Durante uno dei miei solitari pomeriggi, mentre cercavo di occupare il tempo in qualche modo, d’improvviso, fatto stranissimo per me in quel periodo, sento bussare alla mia porta. Felice come un bambino saltai dalla poltrona per questa piacevole novità: qualcuno che viene a cercarmi? Spalancai la porta con una veemenza tale da spaventare chi mi trovai di fronte con mia grande sorpresa, cioè quasi tutta la 3ªA dell’ITC di Orroli. I ragazzi, coerentemente con la spontaneità e la naturalezza che in genere contraddistingue quella fascia d’età, si fiondarono in casa senza che io avessi nemmeno il tempo di dire “accomodatevi”. È inutile dire che il “cromatismo” del mio umore subì una vera e propria rivoluzione copernicana: passai dal grigiore più intenso ai colori sfavillanti che inondarono la mia triste casetta. I miei alunni avevano compreso il difficile momento di adattamento che stavo attraversando e avevano deciso, molto naturalmente, che dovevano fare qualcosa per il loro insegnante, al quale probabilmente si erano già affezionati. Da quel momento le cose cambiarono radicalmente. Quegli splendidi ragazzi riuscirono a farmi entrare in relazione praticamente con tutti gli abitanti del paese, che mi adottarono e contribuirono a ridurre a livelli accettabili quella fastidiosissima sensazione di solitudine che mi aveva attanagliato fino a quel momento.”

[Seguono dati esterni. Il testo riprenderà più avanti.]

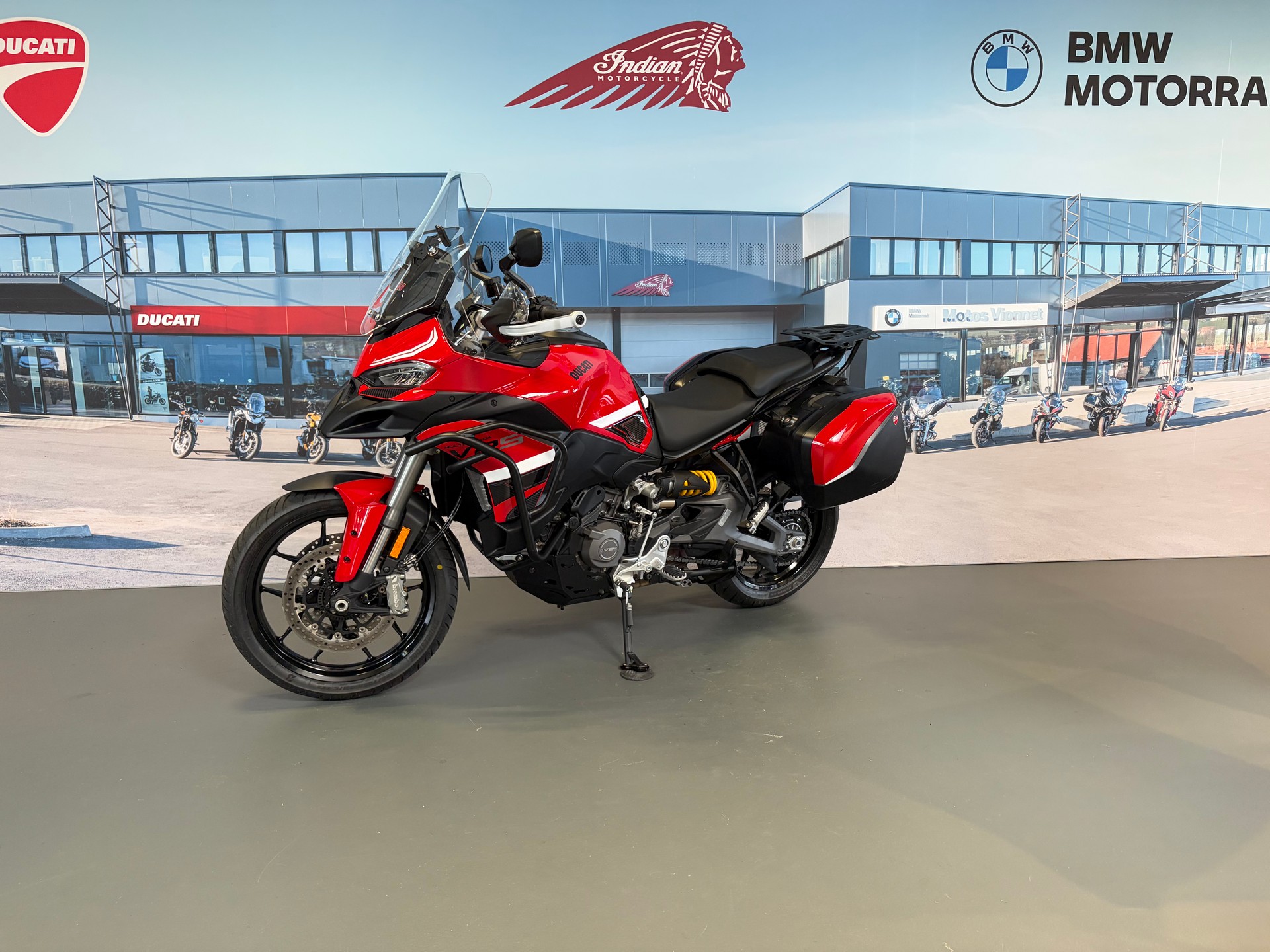 DUCATI Multistrada V2 S-showroom-element-1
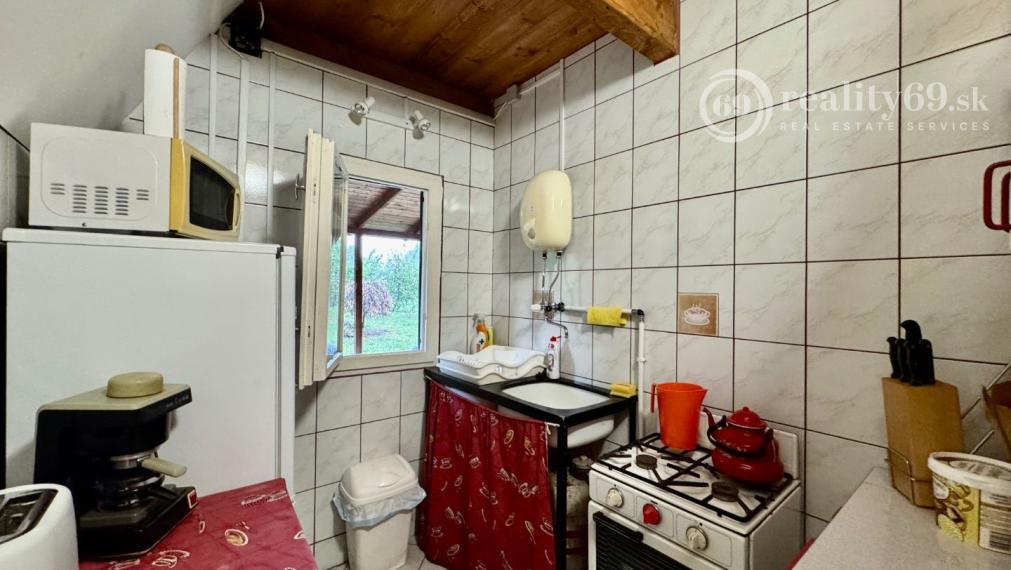 MAĎARSKO - PRI MISKOLCI - 3 IZBOVÁ POSCHODOVÁ CHATA 60 M2, TOP LOKALITA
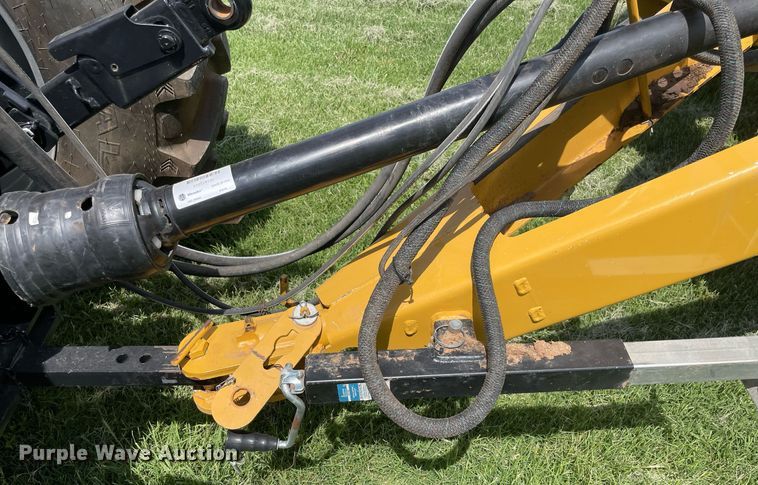 image for item NT9395 2020 Vermeer 605N  round baler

L’esperienza di Orroli dunque m’insegnò che la solitudine la si combatte con la relazione e il calore dell’uomo tra gli uomini, non con i costosi smartphone ipertecnologici, non con le ipocrisie vaste e varie e le volgari invettive pseudopolitiche di Facebook. E m’insegnò anche che la solitudine geografica è la meno temibile.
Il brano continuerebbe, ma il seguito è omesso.